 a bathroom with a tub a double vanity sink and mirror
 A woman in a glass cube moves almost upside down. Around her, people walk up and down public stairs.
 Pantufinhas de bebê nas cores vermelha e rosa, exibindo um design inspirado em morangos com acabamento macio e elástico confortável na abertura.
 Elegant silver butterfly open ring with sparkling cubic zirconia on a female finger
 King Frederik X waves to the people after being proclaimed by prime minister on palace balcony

...

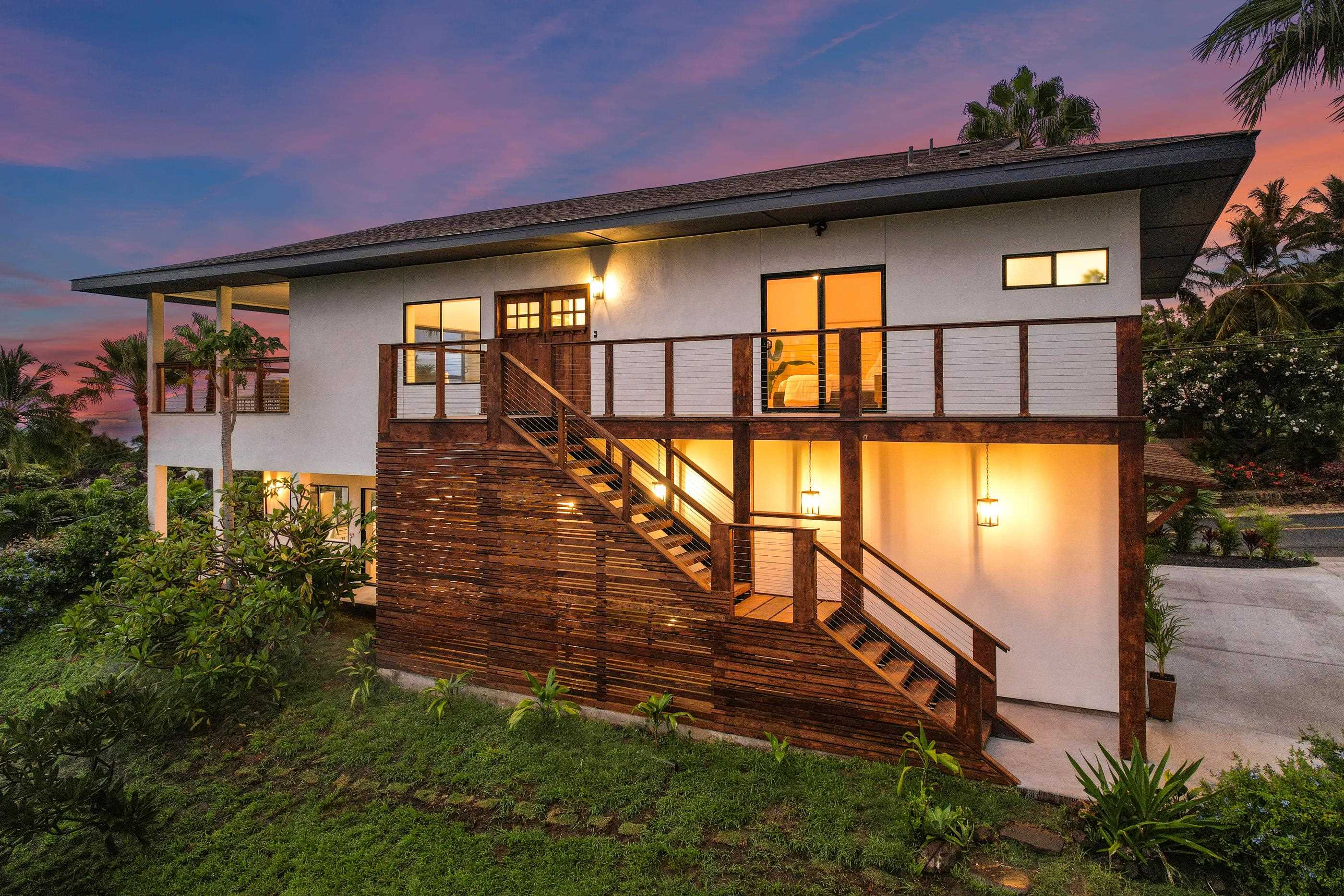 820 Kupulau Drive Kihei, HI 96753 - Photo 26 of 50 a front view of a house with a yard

...

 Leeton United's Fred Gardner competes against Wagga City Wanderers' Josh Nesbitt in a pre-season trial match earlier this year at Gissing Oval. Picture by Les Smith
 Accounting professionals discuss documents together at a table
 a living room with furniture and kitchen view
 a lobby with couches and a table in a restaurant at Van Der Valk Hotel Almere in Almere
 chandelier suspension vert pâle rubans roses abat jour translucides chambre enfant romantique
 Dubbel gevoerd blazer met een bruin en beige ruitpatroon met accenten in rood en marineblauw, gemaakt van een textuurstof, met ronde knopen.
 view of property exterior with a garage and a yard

__Exercise brief__: Determine how many lines of the material hold "people", and respond with that number only.

__Answer box__: 2